## What to do
Search the material for the word "brick" and copy each line that holds it.

## Material provided
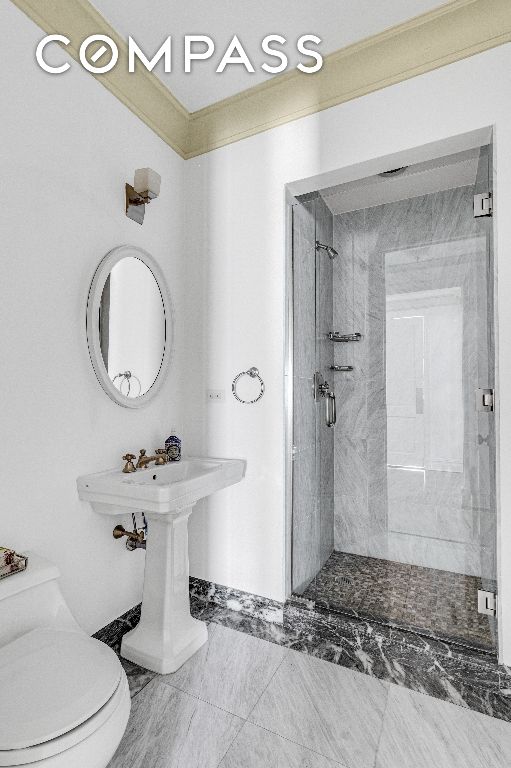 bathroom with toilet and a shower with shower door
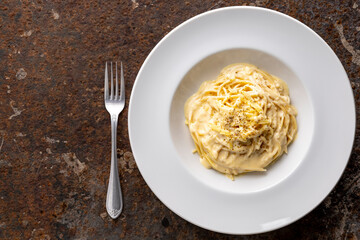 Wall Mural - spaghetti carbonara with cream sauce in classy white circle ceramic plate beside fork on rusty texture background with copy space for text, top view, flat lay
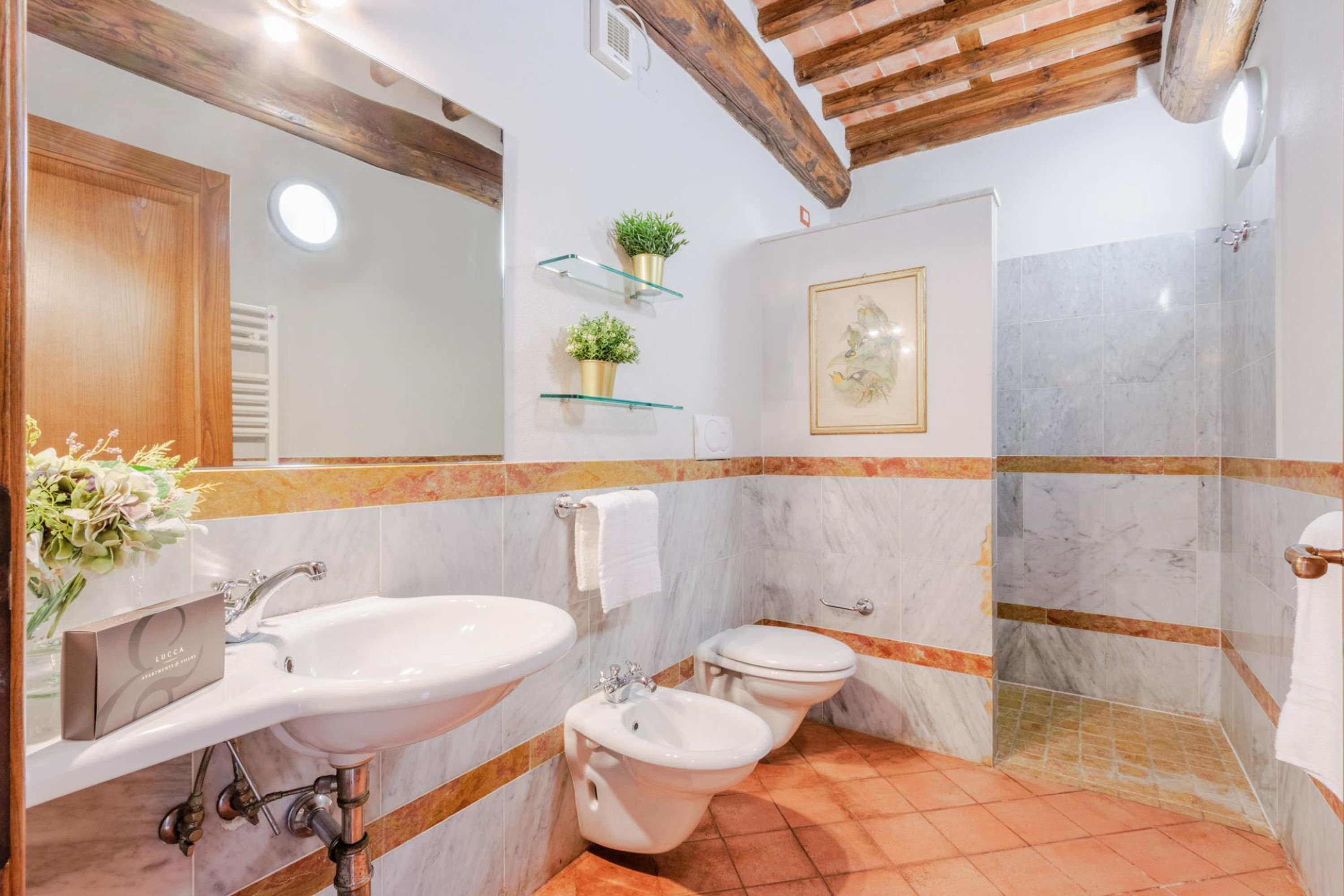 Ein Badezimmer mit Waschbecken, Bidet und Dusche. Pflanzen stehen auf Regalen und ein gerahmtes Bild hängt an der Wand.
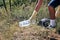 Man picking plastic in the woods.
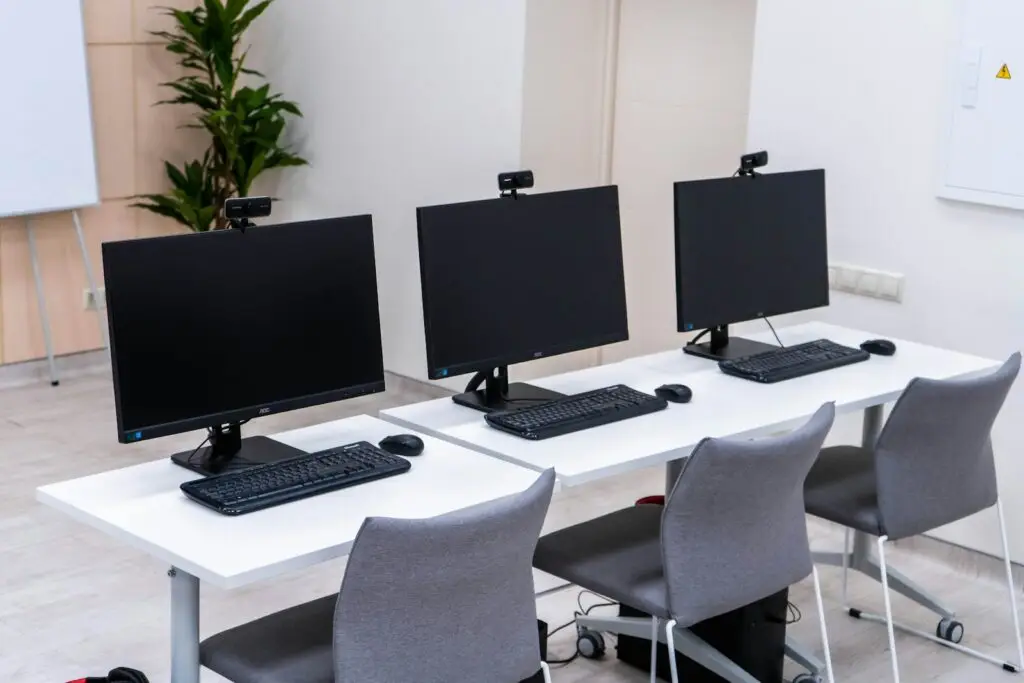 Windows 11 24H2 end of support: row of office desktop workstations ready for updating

...

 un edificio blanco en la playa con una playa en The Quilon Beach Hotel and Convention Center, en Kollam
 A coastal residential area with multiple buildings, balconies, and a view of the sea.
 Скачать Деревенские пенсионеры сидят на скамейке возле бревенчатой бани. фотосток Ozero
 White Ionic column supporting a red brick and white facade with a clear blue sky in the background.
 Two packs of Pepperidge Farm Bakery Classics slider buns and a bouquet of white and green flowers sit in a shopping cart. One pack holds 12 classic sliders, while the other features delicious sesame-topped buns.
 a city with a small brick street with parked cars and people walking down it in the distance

## Exercise solution
 White Ionic column supporting a red brick and white facade with a clear blue sky in the background.
 a city with a small brick street with parked cars and people walking down it in the distance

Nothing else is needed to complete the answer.